To protect the range’s remnants of the past, care has been taken to avoid disturbing or destroying significant cultural resources during ground activities by the military or the public. Special protection is provided for archaeologically significant sites and surrounding areas that could be impacted by both the military and the public.
The range is filled with reminders of more than 10,000 years of civilization, including pottery sherds, prehistoric settlements, ancient roads and trails, abandoned mining operations, and historic and prehistoric gravesites. The range also contains a historically significant road, the Camino del Diablo, that was listed in 1978 on the National Register of Historic Places.

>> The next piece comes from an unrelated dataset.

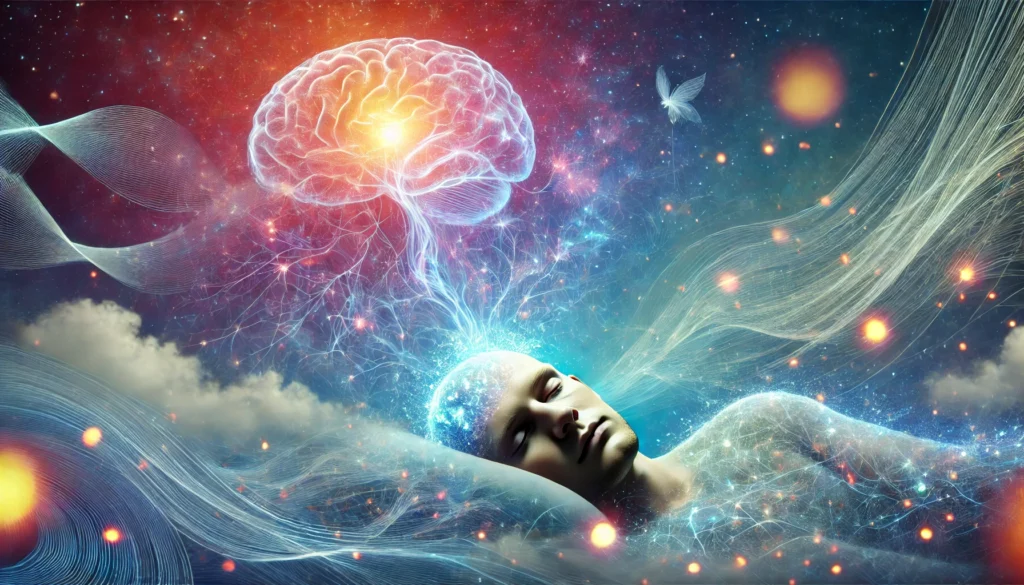 A surreal dreamscape featuring a sleeping individual with glowing neural waves radiating from their mind. The ethereal waves, combined with floating light particles and a cosmic-inspired background, depict the subconscious processing of experiences and the critical role of REM sleep in cognitive health and longevity.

This rough, unpaved road crosses the southern portion of the range and dips into Mexico.
Human settlements have been on the range since 9500 B.C. Prehistoric pottery is not uncommon on the range — fragments are scattered along prehistoric trails, near watering places, along playa edges, and in mountain passes. Pictographs adorn flat rocks in many places.
Because of the high potential for encountering culturally significant objects on the range, surveys are performed by qualified archaeologists at areas where ground activities are planned. If the survey results in significant findings, an alternative location is selected for the planned activity. Additional inventories are being conducted or planned for the Goldwater Range, with the resulting data to be entered into a geographic information system. This system is a management tool which allows mapping of these sites and other significant features of interest.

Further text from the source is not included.